Leave out the pictures and retype exactly the lines from the one with "Fecskefeszek Vendeghaz 3* Őriszentpéter" through the end of the records.

Data excerpts
....

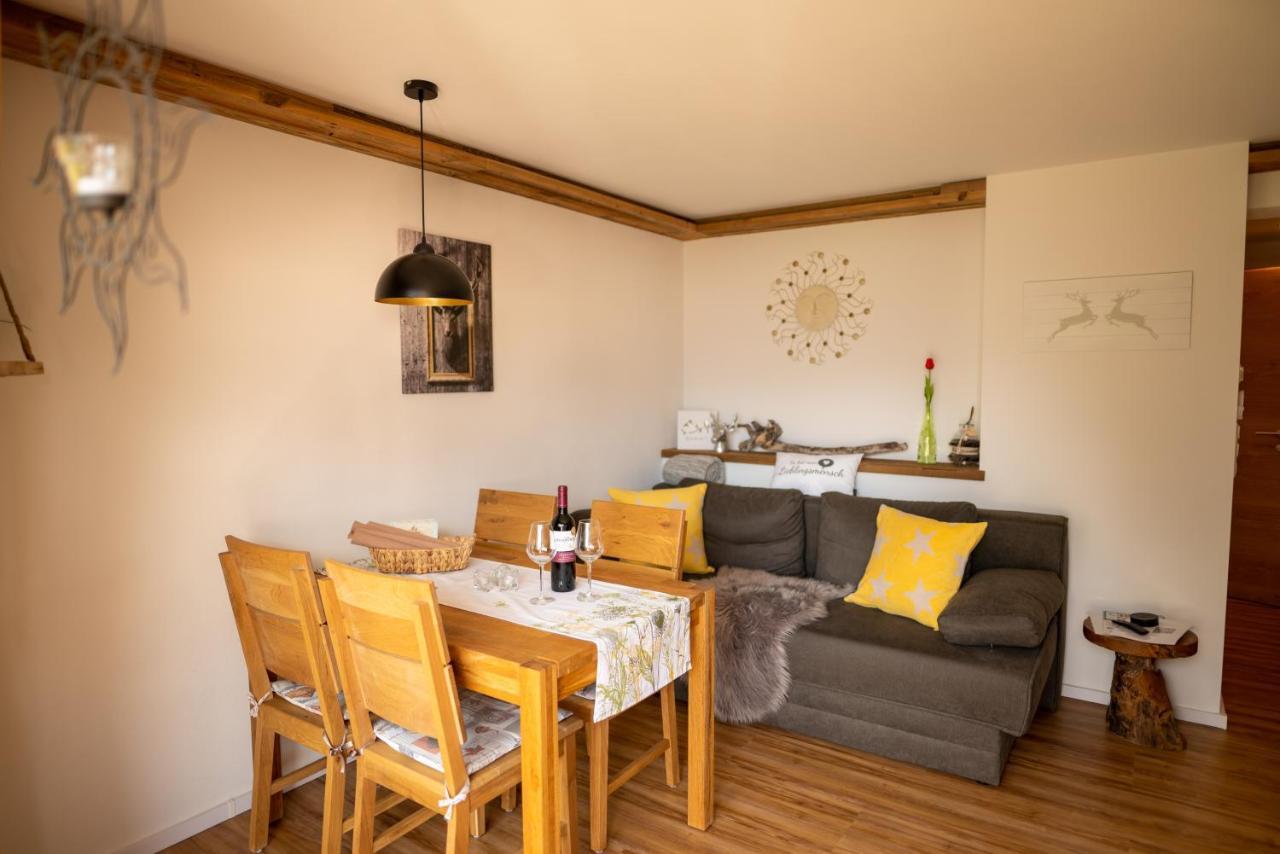 Apartament Alpfee Lechtal Bach  Zewnętrze zdjęcie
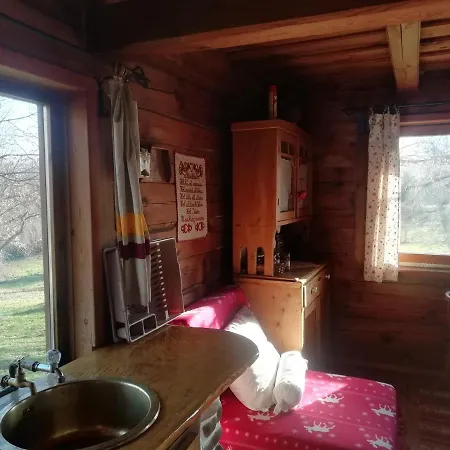 Fecskefeszek Vendeghaz 3* Őriszentpéter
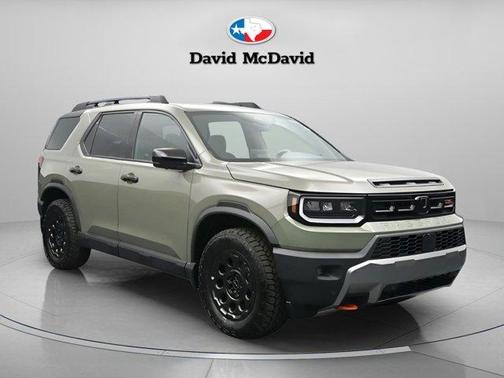 2026 Honda Passport TrailSport Elite Blackout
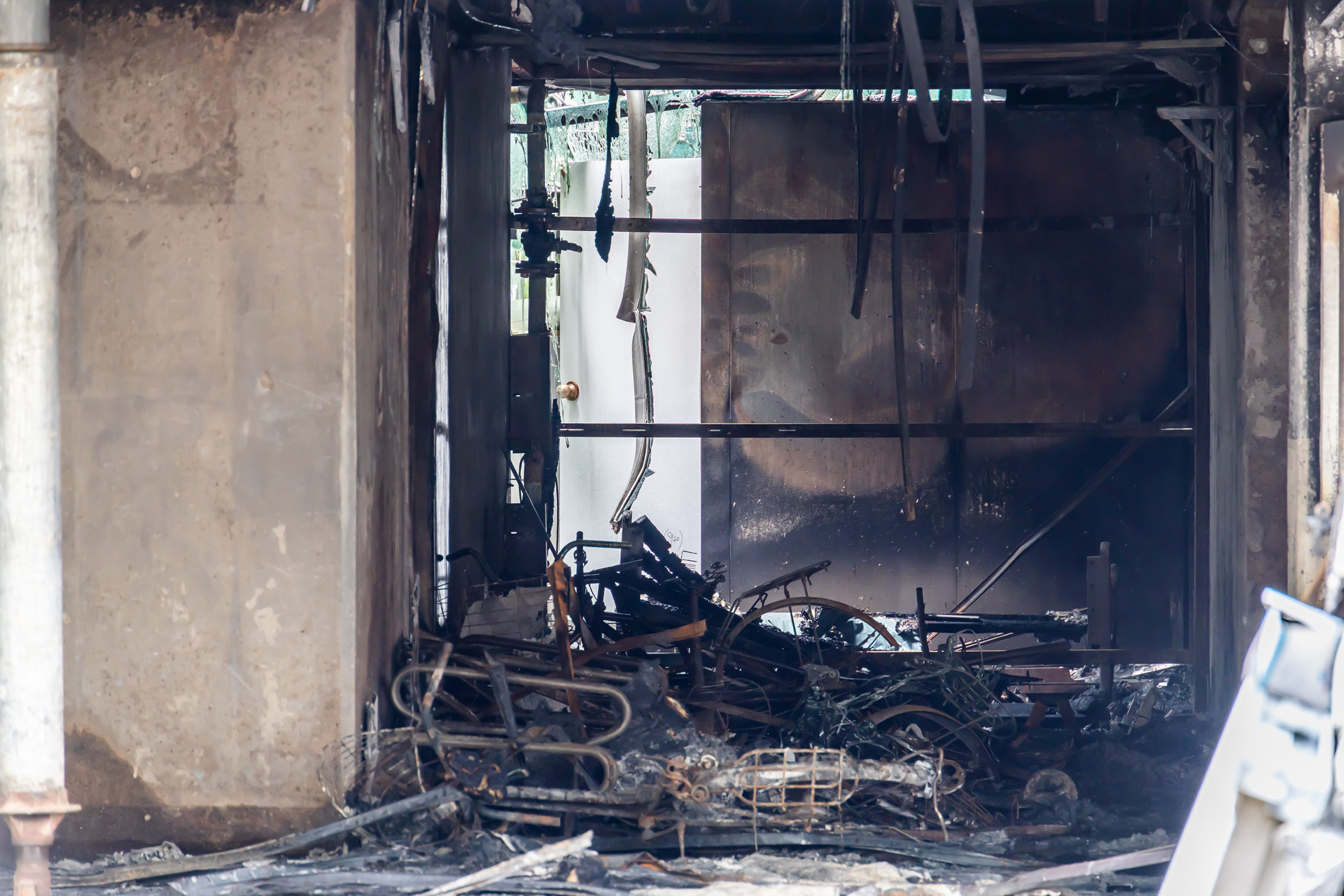 사회;사건사고;화재사고;사망사고;광명아파트화재;광명오크팰리스아파트화재;아파트주차장화재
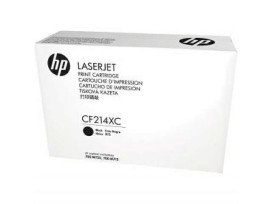 HP 14X Black LaserJet Toner Cartridge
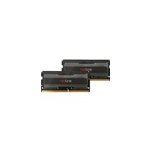 So - dimm 32 gb ddr4 - 3200 (2x 16 gb) kit double, m�moire vive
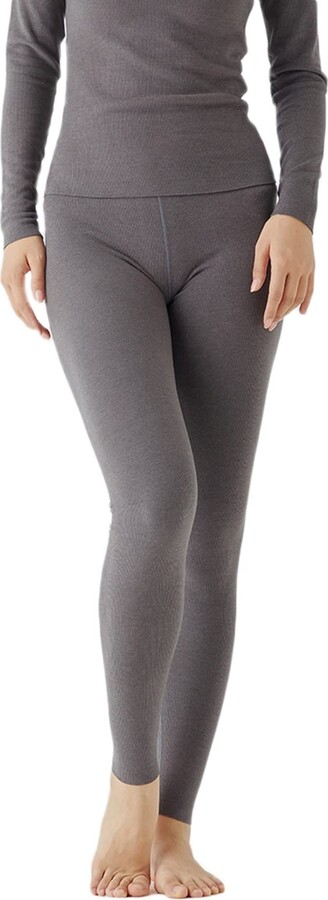 NOLOGO Damen Thermo Leggings 300 Denier - Winter Leggings 1 Oder 2 Stück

....

* [EXERCISE RESPONSE]
 Fecskefeszek Vendeghaz 3* Őriszentpéter
 2026 Honda Passport TrailSport Elite Blackout
 사회;사건사고;화재사고;사망사고;광명아파트화재;광명오크팰리스아파트화재;아파트주차장화재
 HP 14X Black LaserJet Toner Cartridge
 So - dimm 32 gb ddr4 - 3200 (2x 16 gb) kit double, m�moire vive
 NOLOGO Damen Thermo Leggings 300 Denier - Winter Leggings 1 Oder 2 Stück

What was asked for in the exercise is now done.